Of course the main reason snake oil salesmen work is because they play into people's existing biases. 

But perhaps more importantly:

This information asymmetry is typically over something that the deceiver does not expect the agent to be able to investigate easily.

This to me seems like regions where the function  just isn't defined yet, or is very fuzzy. This means rather than a web of lies we have some lies isolated from the rest of the model by a region of confusion. This means there is no discontinuity in the function, which might be an issue.

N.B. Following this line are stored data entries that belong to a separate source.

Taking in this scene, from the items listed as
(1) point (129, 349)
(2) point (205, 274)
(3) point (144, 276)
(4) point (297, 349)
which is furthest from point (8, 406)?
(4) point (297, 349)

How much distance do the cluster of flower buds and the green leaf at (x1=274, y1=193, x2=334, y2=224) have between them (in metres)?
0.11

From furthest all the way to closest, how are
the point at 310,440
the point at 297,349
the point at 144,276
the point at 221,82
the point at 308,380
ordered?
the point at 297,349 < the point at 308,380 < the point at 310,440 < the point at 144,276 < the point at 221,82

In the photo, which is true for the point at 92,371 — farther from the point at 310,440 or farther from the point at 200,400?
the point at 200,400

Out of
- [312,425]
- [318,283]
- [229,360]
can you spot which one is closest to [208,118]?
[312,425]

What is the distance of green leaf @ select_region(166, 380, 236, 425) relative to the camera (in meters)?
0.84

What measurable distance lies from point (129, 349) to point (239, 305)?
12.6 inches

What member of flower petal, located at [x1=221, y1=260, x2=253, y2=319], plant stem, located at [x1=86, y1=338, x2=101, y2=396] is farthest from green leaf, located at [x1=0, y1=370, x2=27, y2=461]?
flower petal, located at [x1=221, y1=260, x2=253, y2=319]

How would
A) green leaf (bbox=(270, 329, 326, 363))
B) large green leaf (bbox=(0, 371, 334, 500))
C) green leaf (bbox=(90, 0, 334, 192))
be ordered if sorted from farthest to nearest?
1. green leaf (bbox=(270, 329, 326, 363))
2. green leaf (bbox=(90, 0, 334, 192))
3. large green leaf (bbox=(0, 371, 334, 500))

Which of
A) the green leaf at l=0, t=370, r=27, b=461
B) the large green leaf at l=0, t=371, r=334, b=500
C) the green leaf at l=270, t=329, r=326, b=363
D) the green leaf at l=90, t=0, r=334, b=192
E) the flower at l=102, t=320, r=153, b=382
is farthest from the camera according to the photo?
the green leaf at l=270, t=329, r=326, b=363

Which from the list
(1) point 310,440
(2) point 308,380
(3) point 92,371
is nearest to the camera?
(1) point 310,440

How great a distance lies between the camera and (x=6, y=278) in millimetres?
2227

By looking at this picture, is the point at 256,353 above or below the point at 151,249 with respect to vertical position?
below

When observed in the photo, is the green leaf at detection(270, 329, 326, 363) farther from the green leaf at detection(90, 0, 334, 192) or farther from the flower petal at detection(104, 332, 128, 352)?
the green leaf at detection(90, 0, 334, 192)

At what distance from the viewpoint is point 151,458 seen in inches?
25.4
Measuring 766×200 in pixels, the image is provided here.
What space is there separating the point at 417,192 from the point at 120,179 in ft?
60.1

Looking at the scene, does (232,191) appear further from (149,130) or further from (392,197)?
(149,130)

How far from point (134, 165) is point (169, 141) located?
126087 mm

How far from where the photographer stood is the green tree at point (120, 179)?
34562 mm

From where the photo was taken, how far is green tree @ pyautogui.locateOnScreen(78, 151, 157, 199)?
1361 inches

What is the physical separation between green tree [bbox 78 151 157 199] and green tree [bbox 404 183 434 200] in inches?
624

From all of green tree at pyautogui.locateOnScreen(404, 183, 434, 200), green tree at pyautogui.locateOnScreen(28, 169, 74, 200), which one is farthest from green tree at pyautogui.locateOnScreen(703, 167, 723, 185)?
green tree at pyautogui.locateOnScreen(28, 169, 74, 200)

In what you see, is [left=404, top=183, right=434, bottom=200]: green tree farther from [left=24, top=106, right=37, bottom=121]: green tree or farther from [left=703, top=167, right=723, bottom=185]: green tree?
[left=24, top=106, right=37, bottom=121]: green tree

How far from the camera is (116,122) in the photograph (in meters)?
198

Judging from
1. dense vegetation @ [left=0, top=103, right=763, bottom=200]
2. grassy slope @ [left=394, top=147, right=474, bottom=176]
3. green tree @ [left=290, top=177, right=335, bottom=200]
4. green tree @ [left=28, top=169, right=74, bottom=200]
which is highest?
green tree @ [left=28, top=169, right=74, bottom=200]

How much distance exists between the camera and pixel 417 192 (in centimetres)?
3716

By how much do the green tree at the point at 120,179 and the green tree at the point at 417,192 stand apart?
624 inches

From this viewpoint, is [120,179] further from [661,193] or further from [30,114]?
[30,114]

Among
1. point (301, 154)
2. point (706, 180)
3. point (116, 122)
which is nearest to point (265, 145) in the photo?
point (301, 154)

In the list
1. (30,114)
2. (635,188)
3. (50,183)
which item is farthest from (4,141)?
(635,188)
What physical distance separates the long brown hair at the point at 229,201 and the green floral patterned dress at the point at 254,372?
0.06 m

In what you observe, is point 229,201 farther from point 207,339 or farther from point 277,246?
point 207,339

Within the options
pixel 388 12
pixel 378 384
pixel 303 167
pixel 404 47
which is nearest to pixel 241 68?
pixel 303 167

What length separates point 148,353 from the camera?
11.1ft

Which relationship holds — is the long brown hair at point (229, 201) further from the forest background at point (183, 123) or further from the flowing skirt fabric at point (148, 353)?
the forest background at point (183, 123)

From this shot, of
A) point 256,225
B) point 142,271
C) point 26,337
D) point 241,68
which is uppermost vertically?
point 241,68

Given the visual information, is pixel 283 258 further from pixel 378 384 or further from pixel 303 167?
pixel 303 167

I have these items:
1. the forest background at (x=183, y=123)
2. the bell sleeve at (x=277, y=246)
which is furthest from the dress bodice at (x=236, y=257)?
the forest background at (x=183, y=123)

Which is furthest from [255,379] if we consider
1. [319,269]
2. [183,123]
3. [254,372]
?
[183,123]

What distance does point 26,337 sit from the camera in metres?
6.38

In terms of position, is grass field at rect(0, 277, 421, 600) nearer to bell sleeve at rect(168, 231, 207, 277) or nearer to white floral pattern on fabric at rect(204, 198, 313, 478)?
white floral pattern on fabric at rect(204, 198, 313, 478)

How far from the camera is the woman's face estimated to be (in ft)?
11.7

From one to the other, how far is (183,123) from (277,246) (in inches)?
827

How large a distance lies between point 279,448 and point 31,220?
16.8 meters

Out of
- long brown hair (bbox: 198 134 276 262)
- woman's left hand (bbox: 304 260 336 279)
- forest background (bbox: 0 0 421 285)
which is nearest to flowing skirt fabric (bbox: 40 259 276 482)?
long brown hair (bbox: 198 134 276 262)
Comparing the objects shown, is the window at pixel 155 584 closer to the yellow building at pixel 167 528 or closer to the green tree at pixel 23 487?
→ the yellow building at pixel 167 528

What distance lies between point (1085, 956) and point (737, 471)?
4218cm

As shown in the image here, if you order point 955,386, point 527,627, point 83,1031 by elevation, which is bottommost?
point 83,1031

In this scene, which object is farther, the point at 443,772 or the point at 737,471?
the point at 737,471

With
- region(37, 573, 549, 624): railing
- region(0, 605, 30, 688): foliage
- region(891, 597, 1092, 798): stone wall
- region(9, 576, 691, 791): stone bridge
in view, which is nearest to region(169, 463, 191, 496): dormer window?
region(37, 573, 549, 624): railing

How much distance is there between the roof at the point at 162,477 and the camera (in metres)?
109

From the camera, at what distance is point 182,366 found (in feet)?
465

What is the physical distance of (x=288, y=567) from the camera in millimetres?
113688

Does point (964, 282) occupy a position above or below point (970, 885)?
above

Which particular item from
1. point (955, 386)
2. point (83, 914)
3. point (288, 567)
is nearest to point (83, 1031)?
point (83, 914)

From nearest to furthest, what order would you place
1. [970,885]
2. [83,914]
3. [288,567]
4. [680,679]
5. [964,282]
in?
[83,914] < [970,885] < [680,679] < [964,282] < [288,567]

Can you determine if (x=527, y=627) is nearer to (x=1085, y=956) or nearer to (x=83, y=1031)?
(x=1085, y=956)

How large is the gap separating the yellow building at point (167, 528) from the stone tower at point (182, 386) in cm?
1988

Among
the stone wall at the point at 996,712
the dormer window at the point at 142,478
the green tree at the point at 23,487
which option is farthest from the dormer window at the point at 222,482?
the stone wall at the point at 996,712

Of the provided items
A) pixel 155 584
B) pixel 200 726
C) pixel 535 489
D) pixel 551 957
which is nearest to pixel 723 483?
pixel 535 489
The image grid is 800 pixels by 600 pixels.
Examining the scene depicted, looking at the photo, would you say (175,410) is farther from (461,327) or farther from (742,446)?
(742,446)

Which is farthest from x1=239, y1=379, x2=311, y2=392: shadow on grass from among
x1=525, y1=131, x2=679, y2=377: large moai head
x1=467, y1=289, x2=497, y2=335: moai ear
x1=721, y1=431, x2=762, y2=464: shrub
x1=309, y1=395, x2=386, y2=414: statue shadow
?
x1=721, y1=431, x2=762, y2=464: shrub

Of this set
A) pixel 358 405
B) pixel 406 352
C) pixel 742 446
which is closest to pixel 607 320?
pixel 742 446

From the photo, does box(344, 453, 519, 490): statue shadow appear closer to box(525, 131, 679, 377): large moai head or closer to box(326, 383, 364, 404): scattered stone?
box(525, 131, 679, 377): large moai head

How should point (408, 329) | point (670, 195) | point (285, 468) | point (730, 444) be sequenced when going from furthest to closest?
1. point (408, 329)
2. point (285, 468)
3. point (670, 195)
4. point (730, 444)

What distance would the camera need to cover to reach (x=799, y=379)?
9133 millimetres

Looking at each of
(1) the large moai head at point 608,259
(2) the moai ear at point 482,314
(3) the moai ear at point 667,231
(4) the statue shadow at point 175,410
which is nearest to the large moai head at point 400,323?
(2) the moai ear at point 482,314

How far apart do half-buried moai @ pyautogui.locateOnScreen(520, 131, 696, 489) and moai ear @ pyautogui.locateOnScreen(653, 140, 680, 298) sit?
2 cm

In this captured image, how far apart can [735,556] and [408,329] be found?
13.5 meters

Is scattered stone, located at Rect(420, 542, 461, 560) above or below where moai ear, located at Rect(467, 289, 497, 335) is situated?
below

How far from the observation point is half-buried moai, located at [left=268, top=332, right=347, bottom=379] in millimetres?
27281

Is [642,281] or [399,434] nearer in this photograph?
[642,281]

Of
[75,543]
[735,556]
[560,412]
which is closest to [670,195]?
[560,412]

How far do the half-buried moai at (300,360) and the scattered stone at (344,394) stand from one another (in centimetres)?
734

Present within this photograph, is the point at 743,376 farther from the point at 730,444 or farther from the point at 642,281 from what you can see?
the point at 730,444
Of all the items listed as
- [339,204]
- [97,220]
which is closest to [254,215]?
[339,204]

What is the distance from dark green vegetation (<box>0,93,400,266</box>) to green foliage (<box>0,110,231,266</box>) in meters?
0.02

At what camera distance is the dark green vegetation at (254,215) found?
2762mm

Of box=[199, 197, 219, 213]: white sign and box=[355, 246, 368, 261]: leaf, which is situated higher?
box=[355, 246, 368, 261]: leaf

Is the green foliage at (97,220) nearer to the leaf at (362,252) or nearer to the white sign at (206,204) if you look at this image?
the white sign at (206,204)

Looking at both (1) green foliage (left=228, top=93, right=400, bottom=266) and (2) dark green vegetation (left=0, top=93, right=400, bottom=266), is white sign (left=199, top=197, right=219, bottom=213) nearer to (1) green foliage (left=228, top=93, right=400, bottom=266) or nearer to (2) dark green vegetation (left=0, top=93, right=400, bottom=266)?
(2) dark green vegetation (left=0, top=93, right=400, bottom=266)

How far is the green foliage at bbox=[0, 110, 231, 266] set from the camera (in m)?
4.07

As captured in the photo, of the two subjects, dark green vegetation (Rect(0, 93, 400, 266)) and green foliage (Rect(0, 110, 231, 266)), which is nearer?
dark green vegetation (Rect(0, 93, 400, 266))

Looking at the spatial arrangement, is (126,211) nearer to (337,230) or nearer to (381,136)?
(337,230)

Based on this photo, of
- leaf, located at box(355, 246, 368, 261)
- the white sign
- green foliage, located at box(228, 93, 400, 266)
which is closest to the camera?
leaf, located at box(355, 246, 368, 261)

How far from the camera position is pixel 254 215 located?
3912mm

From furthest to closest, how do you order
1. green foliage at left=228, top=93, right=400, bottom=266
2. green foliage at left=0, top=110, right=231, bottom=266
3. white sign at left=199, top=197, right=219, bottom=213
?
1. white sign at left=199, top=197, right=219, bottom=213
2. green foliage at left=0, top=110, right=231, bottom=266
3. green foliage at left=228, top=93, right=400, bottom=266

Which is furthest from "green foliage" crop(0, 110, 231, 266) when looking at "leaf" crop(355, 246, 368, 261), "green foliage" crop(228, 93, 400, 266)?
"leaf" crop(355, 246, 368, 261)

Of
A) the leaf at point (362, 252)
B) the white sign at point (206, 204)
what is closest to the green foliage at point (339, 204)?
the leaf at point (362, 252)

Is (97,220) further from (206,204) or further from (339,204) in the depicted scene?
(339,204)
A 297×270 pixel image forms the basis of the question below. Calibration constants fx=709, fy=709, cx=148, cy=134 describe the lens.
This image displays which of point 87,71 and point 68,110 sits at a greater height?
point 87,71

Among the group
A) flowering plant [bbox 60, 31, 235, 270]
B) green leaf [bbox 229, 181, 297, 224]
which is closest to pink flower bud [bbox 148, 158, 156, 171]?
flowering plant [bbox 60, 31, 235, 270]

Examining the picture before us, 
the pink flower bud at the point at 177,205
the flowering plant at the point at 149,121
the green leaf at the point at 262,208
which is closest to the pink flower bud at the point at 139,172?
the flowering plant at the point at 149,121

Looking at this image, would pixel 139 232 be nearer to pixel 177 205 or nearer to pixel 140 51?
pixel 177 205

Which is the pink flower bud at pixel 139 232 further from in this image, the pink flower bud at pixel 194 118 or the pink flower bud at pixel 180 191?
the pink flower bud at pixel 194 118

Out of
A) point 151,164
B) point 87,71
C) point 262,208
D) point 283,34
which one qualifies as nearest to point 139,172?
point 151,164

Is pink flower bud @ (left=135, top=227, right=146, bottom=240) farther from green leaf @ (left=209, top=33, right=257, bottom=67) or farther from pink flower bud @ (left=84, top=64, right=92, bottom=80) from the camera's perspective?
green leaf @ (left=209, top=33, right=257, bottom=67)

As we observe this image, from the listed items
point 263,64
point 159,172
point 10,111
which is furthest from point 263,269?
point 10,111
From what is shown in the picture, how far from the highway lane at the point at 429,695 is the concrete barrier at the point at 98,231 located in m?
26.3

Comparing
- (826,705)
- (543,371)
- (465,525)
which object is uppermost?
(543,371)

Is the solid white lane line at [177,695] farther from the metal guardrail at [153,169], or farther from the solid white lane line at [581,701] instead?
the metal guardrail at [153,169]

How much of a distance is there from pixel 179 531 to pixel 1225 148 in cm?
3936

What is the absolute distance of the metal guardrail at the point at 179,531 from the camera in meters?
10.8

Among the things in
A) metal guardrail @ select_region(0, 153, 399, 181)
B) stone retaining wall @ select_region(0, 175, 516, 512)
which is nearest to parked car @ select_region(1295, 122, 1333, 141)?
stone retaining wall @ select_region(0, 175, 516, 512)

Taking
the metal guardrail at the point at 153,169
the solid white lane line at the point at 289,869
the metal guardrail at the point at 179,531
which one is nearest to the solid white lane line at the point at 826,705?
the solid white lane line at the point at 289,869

First, it seems worthwhile to try taboo-ing the word 'deception' and see whether the process of building precision to re-define it clears up some of the confusion.  In particular, it seems like there's some implicit theory-of-mind stuff going on in the post and in some of the comments.  I'm interested if you think the concept of 'deception' in this post only holds when there is implicit theory-of-mind going on, or otherwise.

As a thought experiment for a non-theory-of-mind example, let's say the daemon doesn't really understand why it gets a high reward for projecting the image of teapot (and then also doing some tactile projection somehow later) but it thinks that this is a good way to get high reward / meet its goals / etc.  It doesn't realize (or at least not in an obviously accessible way, "know") that there is another agent/observer who is updating their models as a result of this.  Possibly, if it did know this, it would not project the teapot, because it has another component of its reward function of "don't project false stimulus to other observing agents".

In this thought experiment, is the daemon 'deceiving' the observer?  In general, is it possible to deceive someone who you don't realize is there?  (Perhaps they're hiding behind a screen, and to you it just looks like you're projecting a teapot to an empty audience)

Aside: I think there's some interesting alignment problems here, but a bunch of our use of language around the concepts of deception hasn't updated to a world where we're talking about AI agents.

I think there's also some theory of mind used by us outside observers when we label some events "deception."

We're finding it easy to predict what the "evil demon" will do by using a simple model that treats it as an agent trying to affect the beliefs of another agent. If the stuff in the environment didn't reward the intentional stance like this, we wouldn't see the things as agents, let alone see them as doing deception.

The difference between deception and other types of error is the adversary.  All modeling is lossy - our beliefs about the world don't completely match the world, and never can.  In the case of inputs trigger our matching algorithms for one thing but actually are another, we can learn wrong things.  

For natural environments, these are generally pretty lightweight - a cloud that looks like a teapot isn't going to fool us.  A broken teapot might, but might not - it'd depend on the tests we try.

For adversarial cases, where someone/something is TRYING to fool us, a whole lot depends on the level of sophistication in their model of us, and in our model of the world (including what types of deception we should be on the lookout for).  A much smarter entity than you can model whether you'll actually try to use the teapot, and only make a good fake if needed, using just flat images for background and things you won't bother to check.

As other commenters eluded to already, deception is an adversarial attack on the world model of another observer - providing another observer with inputs specifically crafted to introduce a desired error into their world model. Obviously, this is easier to accomplish when the attacker has a good insight into what the victim's world model was to begin with, how they think, what they can and cannot observe, etc (all other things being equal).